Unter der spanischen Herrschaft wurden die mittelalterlichen Befestigungen den zeitgenössischen Erfordernissen angepaßt. So entstanden im Jahre 1644 die Petrusskasematten und andere bedeutende Bastione wie die fast gänzlich erhaltene Bastion Beck, auf deren Plattform sich heute die "Place de la Constitution" befindet. Unter der Leitung des Feldmarschalls Vauban erhielten die Petrusskasematten ihre heutige Form. 1746 richteten die Österreicher die "Batterie de la Pétrusse" ein.

Geöffnet an Ostern, zu Pfingsten und während der Schulferien. Geführte Besichtigungen von 11 bis 16 Uhr.

Die Zitadelle des Heilig-Geist-Plateaus

Die beiden im Jahre 1685 errichteten Bastione und eine schmale Gasse in Richtung Stadt schnitten das Heilig-Geist-Plateau von den Stadtteilen ab und führten so zu der Entstehung einer Zitadelle, die auf der Südseite durch Festungsmauern verstärkt war.

Der Rundgang über die Corniche

Der als "Balkon Europas" bezeichnete Schutzwall ragt auch heute noch 35 m über die Unterstadt "Grund". Er wurde 1632 von den Spaniern errichtet und 1685 von Vauban vollendet.

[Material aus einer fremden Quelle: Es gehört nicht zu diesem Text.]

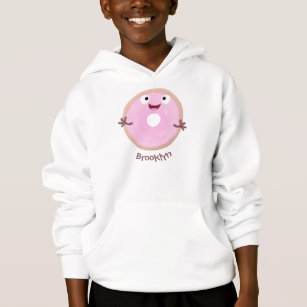 Cute happy pink glazed donut cartoon hoodie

Auf dem Rham-Plateau stehen die nach den Anweisungen von Vauban gebauten Kasernen (1684/85). Zu sehen sind ebenfalls die Überreste des Reduit und der Wohnung des Brunnenmeisters.

Die Spanischen Türme



Die Bezeichnung dieser kleinen Türme erinnert an die Spanier, die während ihrer Herrschaft im 16. und 17. Jh. zahlreiche Änderungen an der Festung vorgenommen hatten. Die Wachtürme befinden sich am Ende der auf steilen Abhängen errichteten Befestigungsanlagen.

Das Staatsarchiv

Dieses Gebäude wurde im 19. Jh., in der Zeit des Deutschen Bundes, als Militärkrankenhaus für die preussische Garnison errichtet. Seit 1968 ist das Nationalarchiv hier untergebracht. Regelmässige Wanderausstellungen zu historischen Themen werden organisiert.

Internet: http://anlux.lu

VIANDEN



In den oberen Teilen der Stadt Vianden sind Teile der einst mit 24 Türmen und 5 Pforten versehenen Schutzmauer erhalten. Ein Turm wurde vollständig restauriert und als Unterkunft für Künstler umgebaut. Einige Spaziergänge führen entlang dieser im lokalen Schieferstein gebauten Schutzmauer. Die Stadttore sind heute gänzlich verschwunden. Entlang der Schutzmauer wurde ein historischer Rundweg "Intra Muros - Extra Muros" angelegt.

Eine Broschüre ist beim lokalen Tourist Info erhältlich, Tel. +352 83 42 57-1, www.vianden-info.lu.

Thematische Besichtigungen in Luxemburg Stadt

Der Wenzelrundgang, "1000 Jahre in 100 Minuten". Ausgangspunkt dieses kulturellen und naturellen Rundganges sind der Bockfelsen und die Corniche. Er führt entlang der rue Sosthène Weis über die Wenzelmauer zum  Jakobsturm. Im ersten Stockwerk dieses Turms, mit wunderschönem Blick auf die Hauptstadt, wird die generelle Entwicklung der Festungsanlagen, im besonderen die der Stadt Luxemburg, anhand von audiovisuellen Einrichtungen erläutert. Während des Rundganges geben Tafeln zusätzliche Erklärungen zur Geschichte dieses historischen Teils Luxemburgs.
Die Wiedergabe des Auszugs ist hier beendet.